Вероника ответила, что и не стремится привлечь чье-нибудь внимание.

Адам встретил это заявление ободряющей улыбкой, но по большей части он проводил время, уткнувшись носом в книгу, и его не особенно беспокоило происходившее вокруг.

Энн казалась милейшей девушкой. И то только потом у, что была уже обручена и целиком поглощена собственными делами. За последние семь месяцев Энн претерпела удивительное превращение. Из прежней ветреной особы в солидную матрону. Элис утверждала, что теперь она чувствует превосходство над ними, так как собирается выйти замуж и уехать со своим баронетом в Корнуолл.

Однажды Энн призналась Веронике, что уже придумывает имена для будущих детей.

Вероника не ответила. Она не могла бы объяснить, что видела в Энн: растущее смятение, нечто похожее на черный ужас, распространявшийся, как чернила по воде. И чем дольше тянулось время, тем больше они расплывались, покрывая поверхность воды серой, почти непрозрачной пленкой.

Однажды несколько недель назад, когда ей захотелось помочь Энн, Вероника положила руку на руку девушки и спросила ее, в чем дело.

Но Энн, не имевшая привычки откровенничать с ней, как и остальные кузины, только весело рассмеялась и отпустила колкое замечание: «Ты снова испытываешь ощущение обреченности. Это твоя шотландская склонность все драматизировать».

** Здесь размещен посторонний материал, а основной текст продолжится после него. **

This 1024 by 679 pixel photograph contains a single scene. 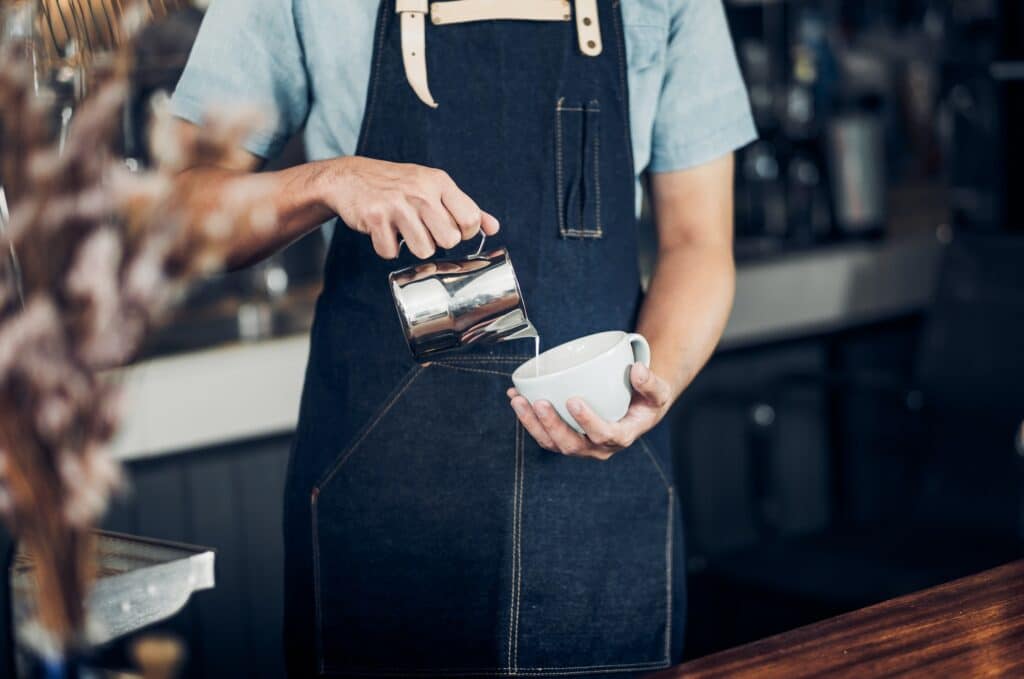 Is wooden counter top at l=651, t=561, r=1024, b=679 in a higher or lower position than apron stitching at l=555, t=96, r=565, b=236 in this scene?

Иногда впечатления Вероники бывали настолько сильными, что ей приходилось делать усилие, чтобы отгородиться ото всех. А иначе она не могла бы различить собственные противоречивые чувства. Самым худшим в этом было то, что порой она воспринимала их страдания, радости и страхи как собственные.

Когда всего этого оказывалось слишком много для нее, единственным средством было закрыть дверь в свою комнату и искать уединения и тишины.